The question is, what evidence is there that the most simple structures we can call brains are doing something which is fundamentally impossible to do with something other than a brain.
Given that brains are fundamentally governed by the same physical laws as everything else, there shouldn't be anything about them which cannot be replicated in some way by something sufficiently capable of emulation of their processes.
That's not to say it's simple. Just that brains obey the laws of physics, and as long as that's true, they should be able to be replicable.
Unless your contention is that brains are somehow able to operate outside the constraints of the laws of physics, in which case we're going to have a fundamental difference of opinion as to the nature of the universe and whether things with brains are particularly special.
This 3 pounds of meat between my ears is certainly special (perhaps the most complicated thing in the known universe) but it certainly not magical.

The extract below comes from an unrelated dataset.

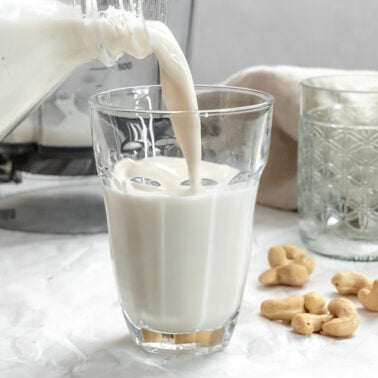 completed Cashew Milk being poured into a glass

Just because something is non-magical doesn't mean it can necessarily be simulated by a computer, especially a practical computer that we can actually build given our level of technology and available resources.
I know you mean today, but what about in 100 years?
There are still physical limits to computation, even if we had godlike powers to rearrange the universe as we like (Bremermann's limit, Landauer's principle, there are probably others but I'm not a computer scientist or physicist). More practically, the mass and energy we have to build and operate computers with is finite. Until we know what principles the brain actually runs on, we can't do the math to determine if its physically possible to build computers that simulate it.
That said, if we find it uses some new principle that we don't exploit in our computers, things get very exciting because then we can start trying to do that (you see a faint whisper of this in the excitement around quantum computing).
I mentioned this elsewhere, but encryption is a great example: other than the breakthrough of another sort (like quantum computing), we can easily come up with a key size that is exponentially harder to compute solutions for compared to computing power increases we can achieve. In a 100, 1000 or a million years.
What if the problems we need to tackle are of a similar complexity? Do we ever get there?
We are all holding our breath for both fusion and quantum computing, and while we know they are theoretically possible, will we ever make them practical?
"Able to be replicable" is a far cry from being practically replicable.
We are unable to get two biologically identical (or at least extremely close) brains of identical twins to develop in the same way, let alone two distinct brains, or a simulated version of a brain.
The claim is potentially equivalent to a claim that since universe is theoretically computable, we'll eventually be able to simulate it.
Not at all. I'm not saying we actually will simulate it, just that it's got the property of theoretical simulatability. Which means there's not anything magical going on under the hood. Which means consciousness isn't magic.
"What can be processed" to me implied practical utility. If you did not mean that, thanks for the clarification.
Still, to me the fact that it could be theoretically achieved with computers is not very useful if it can't be achieved practically, and that certainly makes "biological" computation different from synthetic computation.